There’s a hypnotic pace to Murakami’s novels — you’re lulled by the narrator’s voice, then you’re suddenly zapped, as though you find yourself slipping into a dream, or out of one.

At this point, Japanese novelist Haruki Murakami could write a six-part novel about his cat’s dietary restrictions, and not only would people gobble it up, he’d make it interesting. And yet his latest doorstop-size tome, Killing Commendatore, is a slow burner. For me, it never really catches fire. He may be starting to exhaust my patience as a reader.

Following a semi-successful portrait painter who retires, only to be drawn back in by a lucrative request from a portrait subject, it picks up on some of Murakami’s recent interests. His previous book, Absolutely on Music, collected a series of conversations with conductor Seiji Ozawa about various classical recordings. Yeah: just 300 pages of a novelist and a conductor sitting around, listening to classical records and rapping.

Absolutely on Music is an interesting read if you happen to have a Spotify playlist of all the recordings being discussed in the background (and there is such a thing). In Killing Commendatore, there’s all this classical music playing in the background, like it’s left over from the previous book — and Murakami’s narrator talking about the technical aspects of painting as though he recently took an online crash course in the subject.

Our unnamed narrator has an okay career as a portraitist, until his marriage falls apart at age 30 and he’s left seeking solace in a mountain cabin once owned by famous painter Tomohiko Amada. There, the narrator tries to settle in and relearn how to paint.

In a cabin barren of artworks and distractions, he discovers just one canvas, wrapped up and seemingly hidden in a dusty attic. The painting, set in feudal Japan, depicts a scene from Mozart’s Don Giovanni, in which the young Don Juan violently murders a night commander. (You can pretty much imagine Murakami listening to the Mozart piece and conjuring up a whole story based on this moment.)

Of course, this discovery is a setup for a novel that — as the prelude hints — will involve more supernatural and surreal elements. There is a hidden pit in Amada’s backyard, and a bell ringing deep down inside of it. There is the unexplainable appearance of a character, a two-foot muse who seems to spring fully formed from the Amada painting. In other words, the usual Murakami Lynchian weirdness. And yet, why does it all fail to dig its hooks into this reader?

We can first ask ourselves, why do people read Murakami? At an Ateneo symposium I attended organized by the Japan Foundation, this very question was explored.

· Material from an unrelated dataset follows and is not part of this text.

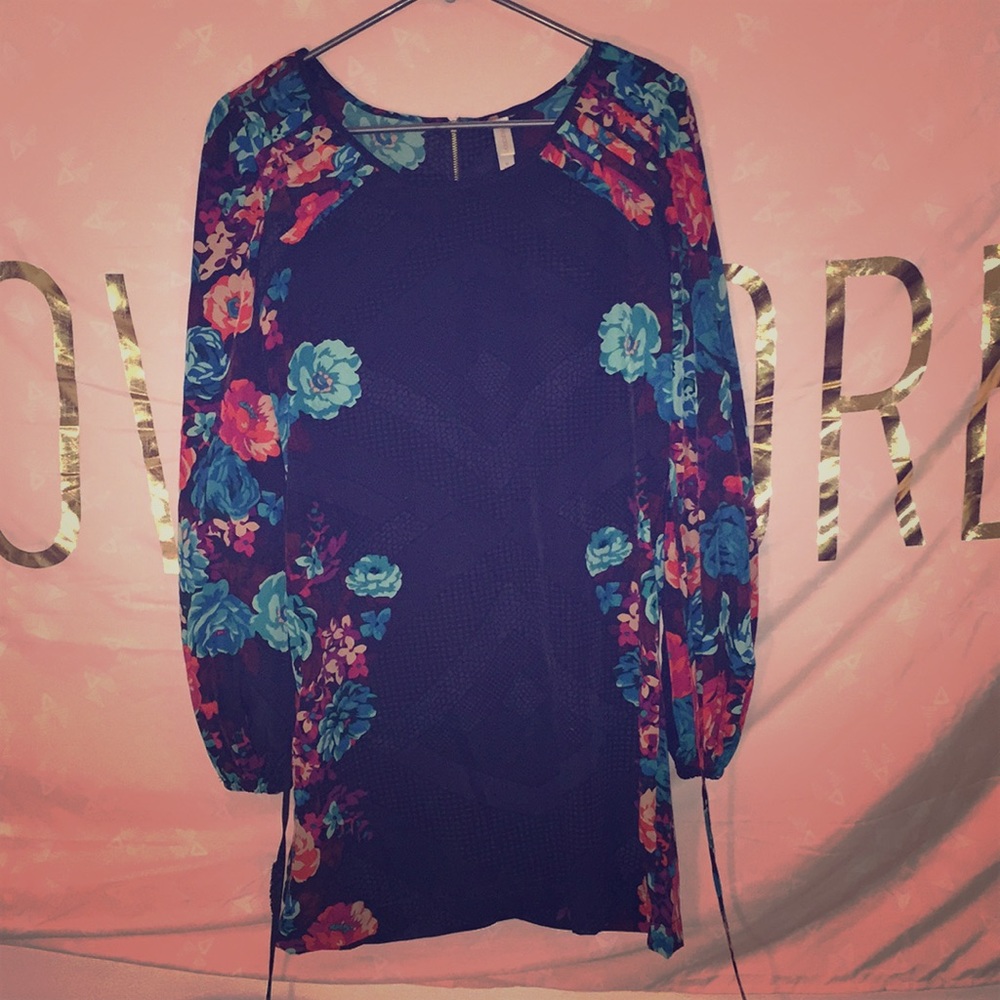 Silk Floral Tunic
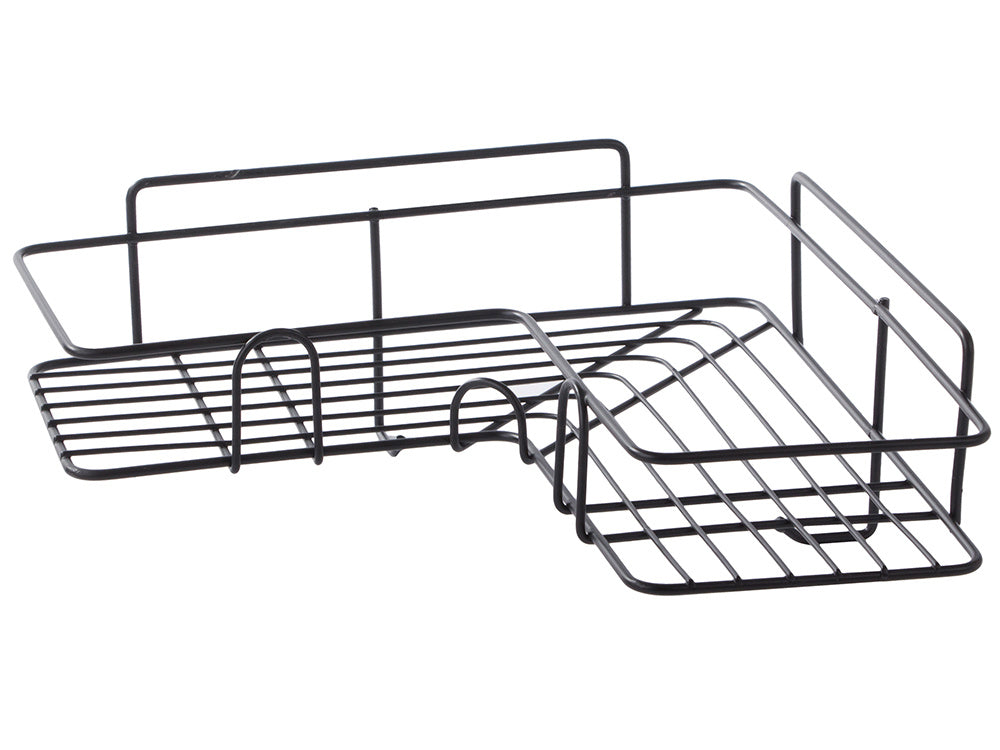 Palėpės kampinis vonios kambario dušo lentynos kabinimo kablys juodas, Juoda, Szín, Fekete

As a post-war, post-millennial, post-9/11 novelist in his 60s, it’s hard to pinpoint his universal appeal. It was suggested that Murakami writes in a way that touches on universal angst, while his narratives are sprinkled with enough topical details to root them in our modern existence. But he’s also just a very skilled, natural writer who can tell stories we get wrapped up inside. There’s a hypnotic pace to his novels — you’re lulled by the narrator’s voice, then you’re suddenly zapped, as though you find yourself slipping into a dream, or out of one: all seems normal, or explainable, until it suddenly isn’t. Something weird is going to happen in a Murakami novel. You can always bet on it.

In Killing Commendatore, it takes forever to establish this mood, and even longer to maintain it. His last big-size novel, 1Q84, didn’t take long to bring us there. This one, despite its promising premise, really drags on a bit. But maybe Murakami, now close to the age of the inscrutable art patron Wataru Menshiki who pulls our narrator into the mystery, deserves the right to set his own pace.

Against all this narrative, Murakami draws parallels with The Great Gatsby. There is a house across the lake, lit up like Gatsby’s mansion. The owner, Menshiki, is interested in a young girl who may or may not be his daughter, and his trepidation around her matches Jay Gatsby’s awkwardness when a meeting with Daisy Buchanan is arranged; our hapless narrator is the Nick Carraway in this situation. Why Murakami draws parallels to Fitzgerald’s slim masterpiece might have something to do with the underworld of Double Metaphors that emerges late in the novel.
As with much of Murakami, there are occasional episodes of graphic sex, bursts of jazz, a focus on whiskey (Jura gets a special shout-out here), and even a browsing trip through a local used vinyl store that reads like a blog entry (“in the end, I ended up buying Bruce Springsteen’s The River and an album of duets by Roberta Flack and Donny Hathaway”). Yet somehow, Killing Commendatore ends up feeling curiously flat. While nothing has outwardly changed about the novelist’s style or approach to storytelling, I did have some trouble latching onto this tale. A shame, because the opening prelude chapter tantalizes. Continuing this same mood throughout nearly 700 pages might be as difficult as painting a masterpiece. Killing Commendatore falls short.